┌────────

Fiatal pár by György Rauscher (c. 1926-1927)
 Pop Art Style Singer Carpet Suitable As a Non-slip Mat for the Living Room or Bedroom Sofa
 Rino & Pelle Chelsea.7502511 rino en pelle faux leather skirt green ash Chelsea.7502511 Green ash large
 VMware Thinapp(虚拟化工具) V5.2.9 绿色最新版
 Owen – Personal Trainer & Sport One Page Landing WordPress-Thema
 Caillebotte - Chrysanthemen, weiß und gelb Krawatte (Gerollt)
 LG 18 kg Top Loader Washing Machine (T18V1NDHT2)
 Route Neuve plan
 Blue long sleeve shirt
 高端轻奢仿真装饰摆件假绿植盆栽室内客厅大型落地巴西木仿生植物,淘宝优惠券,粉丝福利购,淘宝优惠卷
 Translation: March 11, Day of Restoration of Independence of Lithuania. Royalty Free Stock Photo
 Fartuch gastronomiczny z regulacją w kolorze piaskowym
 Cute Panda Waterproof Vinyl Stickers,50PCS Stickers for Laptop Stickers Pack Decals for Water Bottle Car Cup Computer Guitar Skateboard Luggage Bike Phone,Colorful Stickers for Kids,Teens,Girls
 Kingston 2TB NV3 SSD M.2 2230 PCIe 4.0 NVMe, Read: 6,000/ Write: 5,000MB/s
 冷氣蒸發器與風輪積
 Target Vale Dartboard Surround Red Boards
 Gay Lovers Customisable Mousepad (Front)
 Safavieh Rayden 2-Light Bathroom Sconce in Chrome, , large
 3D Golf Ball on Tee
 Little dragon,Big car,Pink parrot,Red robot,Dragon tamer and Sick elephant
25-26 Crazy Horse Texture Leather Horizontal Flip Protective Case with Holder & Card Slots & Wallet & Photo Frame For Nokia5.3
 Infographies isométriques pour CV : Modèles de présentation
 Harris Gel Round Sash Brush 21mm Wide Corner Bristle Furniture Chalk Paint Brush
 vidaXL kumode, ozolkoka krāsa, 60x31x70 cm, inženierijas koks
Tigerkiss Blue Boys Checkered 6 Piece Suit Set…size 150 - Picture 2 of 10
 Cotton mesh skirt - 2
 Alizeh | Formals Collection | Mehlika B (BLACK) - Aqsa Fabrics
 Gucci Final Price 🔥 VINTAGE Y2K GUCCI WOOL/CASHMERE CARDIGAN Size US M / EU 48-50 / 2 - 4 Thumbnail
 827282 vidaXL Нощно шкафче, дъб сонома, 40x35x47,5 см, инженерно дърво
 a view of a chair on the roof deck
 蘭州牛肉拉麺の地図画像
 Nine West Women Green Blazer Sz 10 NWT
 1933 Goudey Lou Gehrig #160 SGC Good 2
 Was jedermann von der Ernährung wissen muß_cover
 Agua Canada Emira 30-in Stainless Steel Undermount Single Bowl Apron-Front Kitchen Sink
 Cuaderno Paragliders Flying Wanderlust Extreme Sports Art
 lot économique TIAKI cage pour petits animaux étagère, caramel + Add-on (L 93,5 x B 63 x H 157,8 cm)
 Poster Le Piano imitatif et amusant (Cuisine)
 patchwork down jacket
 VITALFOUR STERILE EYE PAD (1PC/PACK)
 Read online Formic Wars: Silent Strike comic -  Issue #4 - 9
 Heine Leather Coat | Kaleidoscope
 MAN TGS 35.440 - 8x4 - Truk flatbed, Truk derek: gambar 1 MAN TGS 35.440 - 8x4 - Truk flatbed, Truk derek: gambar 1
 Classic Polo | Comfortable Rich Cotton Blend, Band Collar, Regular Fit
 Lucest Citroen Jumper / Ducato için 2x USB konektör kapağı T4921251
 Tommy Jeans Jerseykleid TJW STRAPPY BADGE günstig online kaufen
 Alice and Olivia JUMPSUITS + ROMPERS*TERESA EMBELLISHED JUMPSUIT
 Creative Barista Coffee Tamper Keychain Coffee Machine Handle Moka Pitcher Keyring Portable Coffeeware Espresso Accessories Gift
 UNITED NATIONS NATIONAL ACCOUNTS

└────────

> **DESCRIPTION OF THE TASK**: Transcribe the records above exactly.

> **SOLUTION TO THIS PROBLEM**:
Fiatal pár by György Rauscher (c. 1926-1927)
 Pop Art Style Singer Carpet Suitable As a Non-slip Mat for the Living Room or Bedroom Sofa
 Rino & Pelle Chelsea.7502511 rino en pelle faux leather skirt green ash Chelsea.7502511 Green ash large
 VMware Thinapp(虚拟化工具) V5.2.9 绿色最新版
 Owen – Personal Trainer & Sport One Page Landing WordPress-Thema
 Caillebotte - Chrysanthemen, weiß und gelb Krawatte (Gerollt)
 LG 18 kg Top Loader Washing Machine (T18V1NDHT2)
 Route Neuve plan
 Blue long sleeve shirt
 高端轻奢仿真装饰摆件假绿植盆栽室内客厅大型落地巴西木仿生植物,淘宝优惠券,粉丝福利购,淘宝优惠卷
 Translation: March 11, Day of Restoration of Independence of Lithuania. Royalty Free Stock Photo
 Fartuch gastronomiczny z regulacją w kolorze piaskowym
 Cute Panda Waterproof Vinyl Stickers,50PCS Stickers for Laptop Stickers Pack Decals for Water Bottle Car Cup Computer Guitar Skateboard Luggage Bike Phone,Colorful Stickers for Kids,Teens,Girls
 Kingston 2TB NV3 SSD M.2 2230 PCIe 4.0 NVMe, Read: 6,000/ Write: 5,000MB/s
 冷氣蒸發器與風輪積
 Target Vale Dartboard Surround Red Boards
 Gay Lovers Customisable Mousepad (Front)
 Safavieh Rayden 2-Light Bathroom Sconce in Chrome, , large
 3D Golf Ball on Tee
 Little dragon,Big car,Pink parrot,Red robot,Dragon tamer and Sick elephant
25-26 Crazy Horse Texture Leather Horizontal Flip Protective Case with Holder & Card Slots & Wallet & Photo Frame For Nokia5.3
 Infographies isométriques pour CV : Modèles de présentation
 Harris Gel Round Sash Brush 21mm Wide Corner Bristle Furniture Chalk Paint Brush
 vidaXL kumode, ozolkoka krāsa, 60x31x70 cm, inženierijas koks
Tigerkiss Blue Boys Checkered 6 Piece Suit Set…size 150 - Picture 2 of 10
 Cotton mesh skirt - 2
 Alizeh | Formals Collection | Mehlika B (BLACK) - Aqsa Fabrics
 Gucci Final Price 🔥 VINTAGE Y2K GUCCI WOOL/CASHMERE CARDIGAN Size US M / EU 48-50 / 2 - 4 Thumbnail
 827282 vidaXL Нощно шкафче, дъб сонома, 40x35x47,5 см, инженерно дърво
 a view of a chair on the roof deck
 蘭州牛肉拉麺の地図画像
 Nine West Women Green Blazer Sz 10 NWT
 1933 Goudey Lou Gehrig #160 SGC Good 2
 Was jedermann von der Ernährung wissen muß_cover
 Agua Canada Emira 30-in Stainless Steel Undermount Single Bowl Apron-Front Kitchen Sink
 Cuaderno Paragliders Flying Wanderlust Extreme Sports Art
 lot économique TIAKI cage pour petits animaux étagère, caramel + Add-on (L 93,5 x B 63 x H 157,8 cm)
 Poster Le Piano imitatif et amusant (Cuisine)
 patchwork down jacket
 VITALFOUR STERILE EYE PAD (1PC/PACK)
 Read online Formic Wars: Silent Strike comic -  Issue #4 - 9
 Heine Leather Coat | Kaleidoscope
 MAN TGS 35.440 - 8x4 - Truk flatbed, Truk derek: gambar 1 MAN TGS 35.440 - 8x4 - Truk flatbed, Truk derek: gambar 1
 Classic Polo | Comfortable Rich Cotton Blend, Band Collar, Regular Fit
 Lucest Citroen Jumper / Ducato için 2x USB konektör kapağı T4921251
 Tommy Jeans Jerseykleid TJW STRAPPY BADGE günstig online kaufen
 Alice and Olivia JUMPSUITS + ROMPERS*TERESA EMBELLISHED JUMPSUIT
 Creative Barista Coffee Tamper Keychain Coffee Machine Handle Moka Pitcher Keyring Portable Coffeeware Espresso Accessories Gift
 UNITED NATIONS NATIONAL ACCOUNTS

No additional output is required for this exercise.